Now that you know the back story, here is my question. Does anyone know how similar the wiring harnesses and ECUs for the VG30E and VG33E are? From what I have read, the VG33E is basically a VG30E with more displacement. Is this true, or do we need to gut the complete engine harness from a Pathfinder to make this thing run?


----------



## Zen31ZR (Mar 24, 2004)

I've read at least one magazine article where the VG33 was dropped right in and used the original Z31 equipment to run without any issues. I'd have to question the "custom" camshafts and whether they are even in the right position. The original cams make plenty of power and don't really need to be changed except as one of the last resorts. I'd also have to question the useage of the VG33 ECU, and the use of the original Z31 equipment with it, as I beleive the 2 are nowhere close to being compatible. The original ECU or a JWT Z31 ECU would work best in this application. If you want this car to run, go back to stock equipment or proven Z31 mods and then go from there.


----------



## BeyondBiscuits2 (Jan 18, 2006)

That's pretty much what we've been thinking. The car itself is in amazing shape other than the engine and wiring, so I suggested he just buy a running VG30ET off someone and we drop that in.
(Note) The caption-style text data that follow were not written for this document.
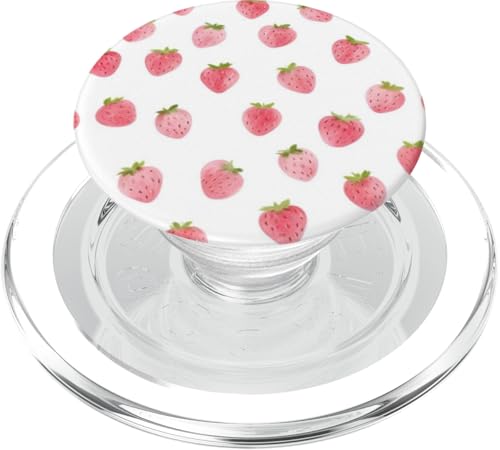 Niedliches Erdbeermuster PopSockets PopGrip für MagSafe Niedliches Erdbeermuster PopSockets PopGrip für MagSafe von Strawberry Phone Popper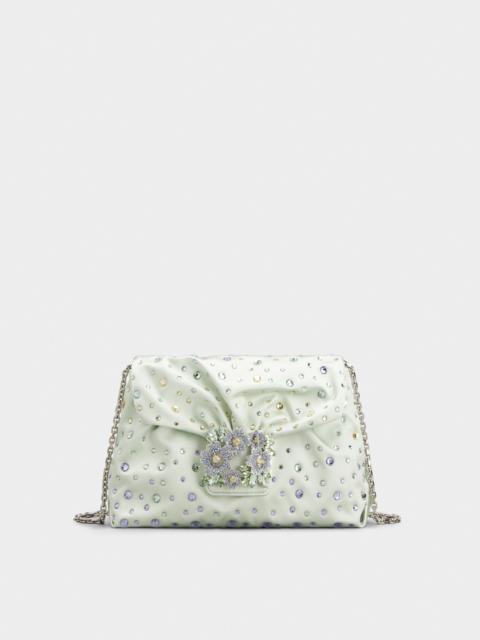 Efflorescence Mini Pouch in satin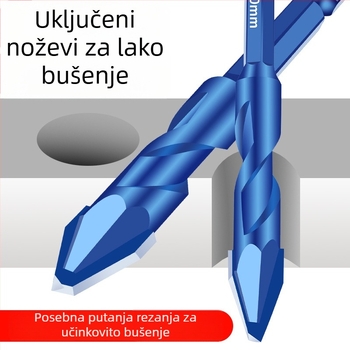Suhi bušački bit s ekscentričnom wolframovom čeličnom legu za keramiku, staklo, beton i metal — otvaranje rupa, Su Jin Tools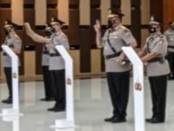 Kapolri Jenderal Listyo Sigit Prabowo resmi melantik 7 Kapolda dalam serah terima jabatan (sertijab) kenaikan pangkat di Gedung Rupatama Mabes Polri, Rabu (29/12/2021) - foto: Istimewa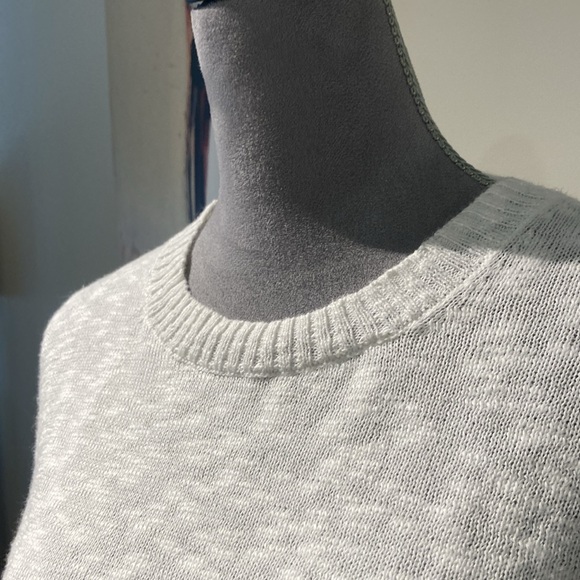 J Crew Factory white crewneck sweater, size small - Picture 5 of 8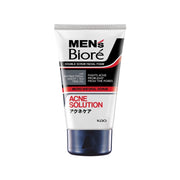 Men's Bioré Double Scrub Facial Foam (Acne Solution) 100g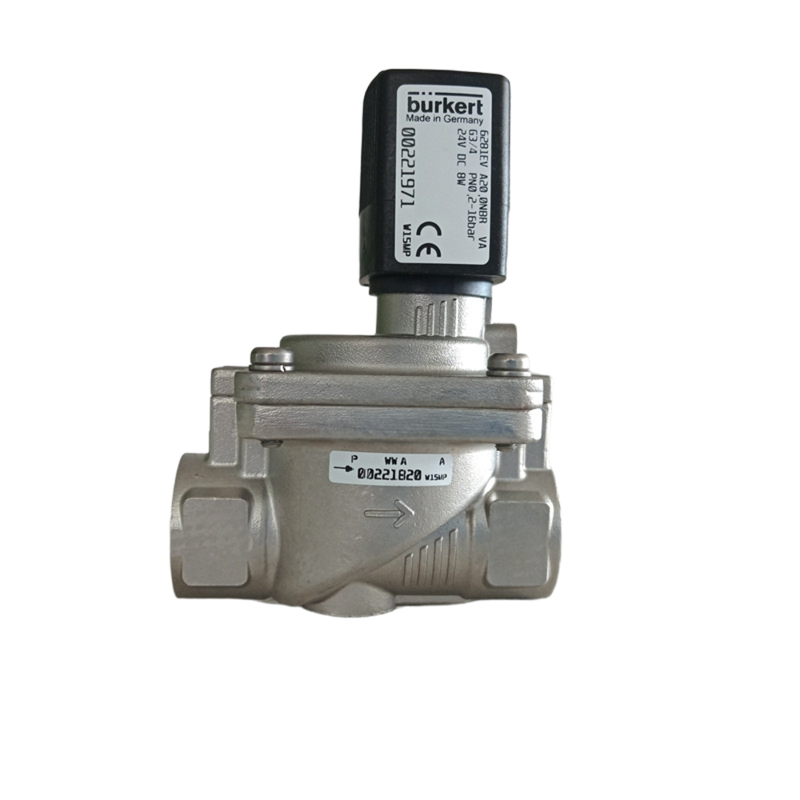 2weg normaal geopend pneumatisch magnetoventil met een temperatuur van 0°C tot 120°C FKM en openingsgroottes 20 mm Voor gebruik 00221971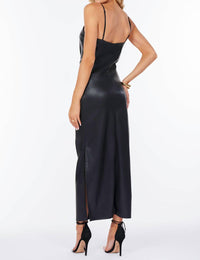Bishop + Young - Tyler Faux Leather Midi Dress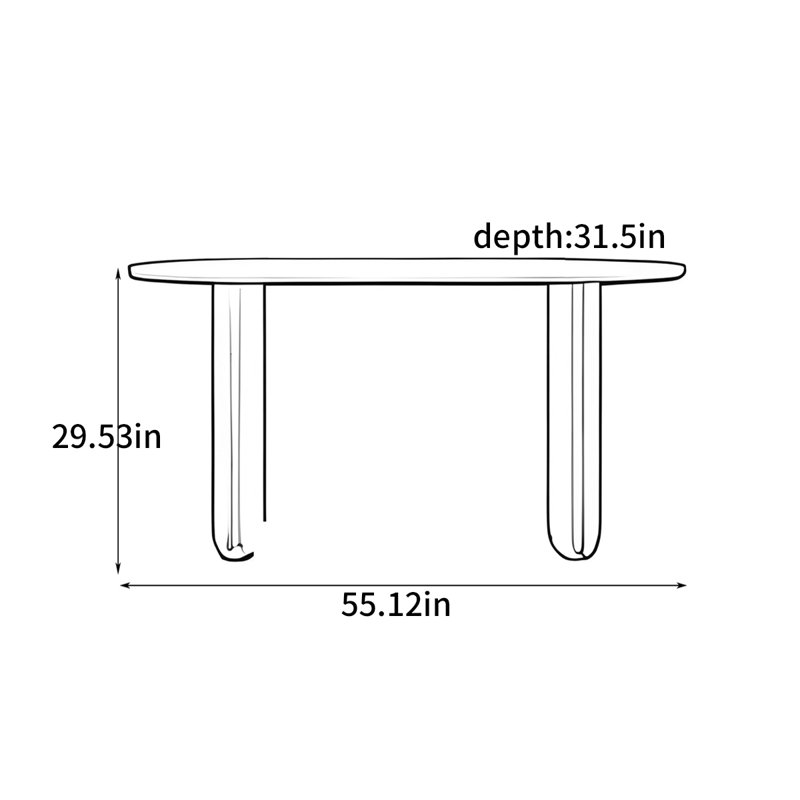 Pagliaro, H 29,53 po x L 55,12 po x l 31,5 po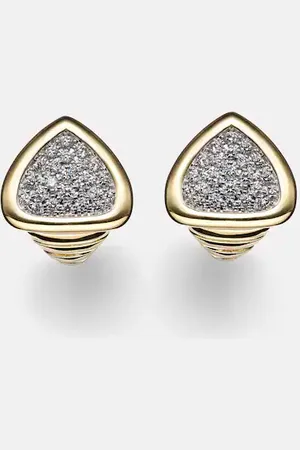 Marina B Orecchini Trisola in 18kt con diamanti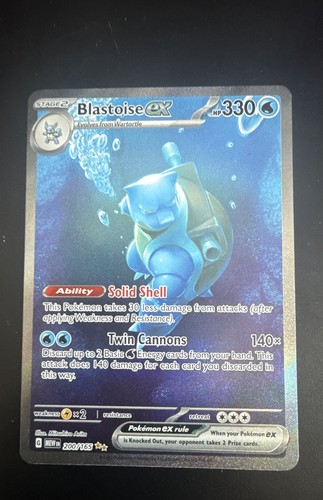 Blastoise 200 165 sv - blastoise, 200/165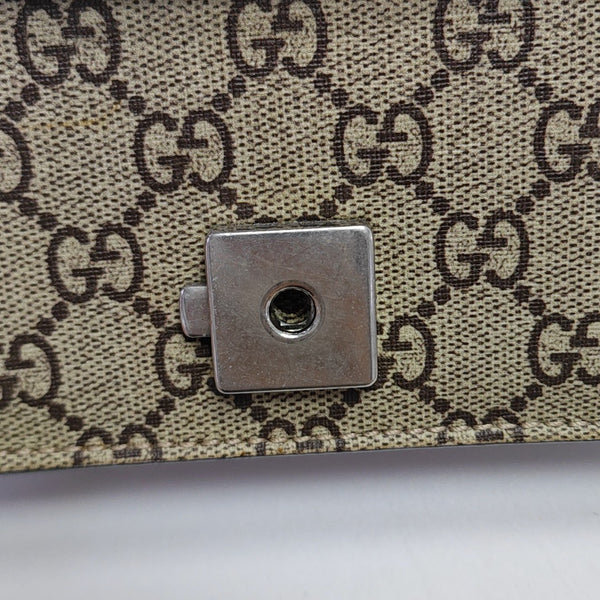 Dionysus Mini Monogram Coated Canvas Beige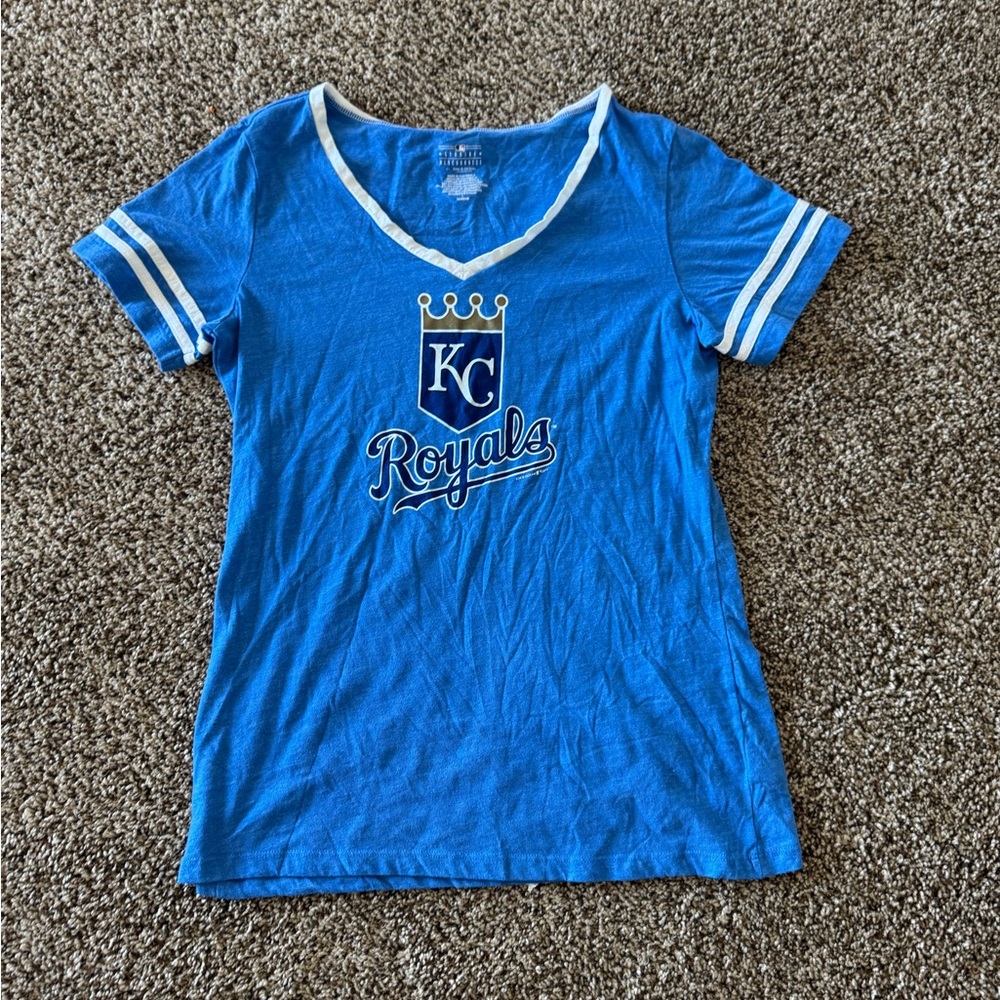 Majestic Blue KC Royals Kids Shirt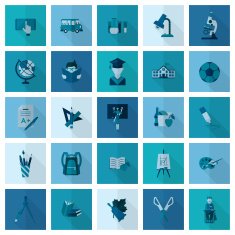 school and education icons N649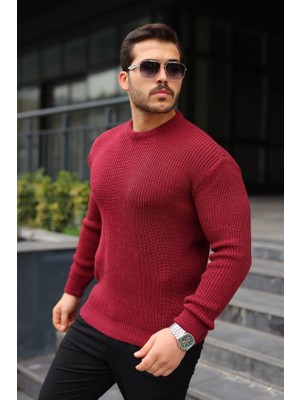 Hobilinka Erkek Bisiklet Yaka Örme Kazak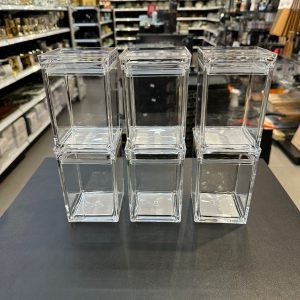 סט 6 קופסאות אקרילי 500 מ”ל - דגם CRISTAL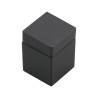 Support pour étagère CUBES - Look inox / Noir mat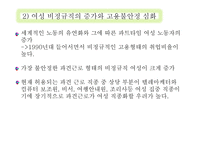 여성 노동의 실과 대안 -12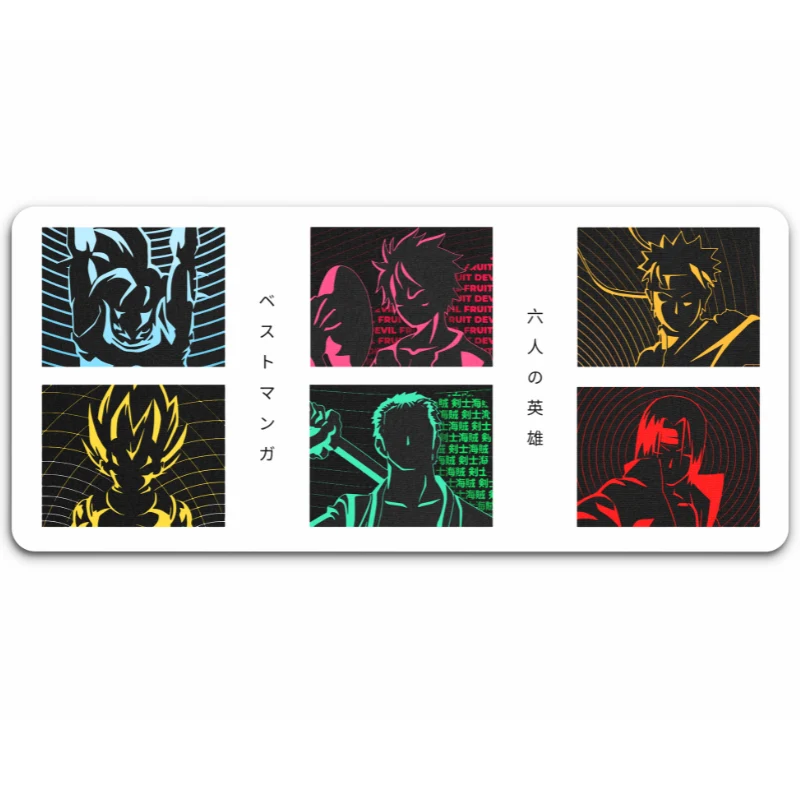 Tapis de Souris "Héros d'Animés"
He wants to see if this VG33 will run, though. I thought the cams were a bit sketchy myself, since I don't even know of any company that makes them for a VG33, nonetheless custom ones. At the moment, unfortunately, the car is sitting in his garage and until he decides what he wants to do, we just tinker with it off and on. You put the key in, all the lights and such work, and you turn the key to get nothing. We have the VG30 ECU, we'll slap it in and see what happens. As far as we know, the previous owner used the VG30ET cylinder heads; my question is if he is completely "bsing" us or if they actually will fit? As far as I can tell by comparing pictures of the VG30E and VG33E, they look pretty similar, but I am no expert on the Nissan V-6s.


----------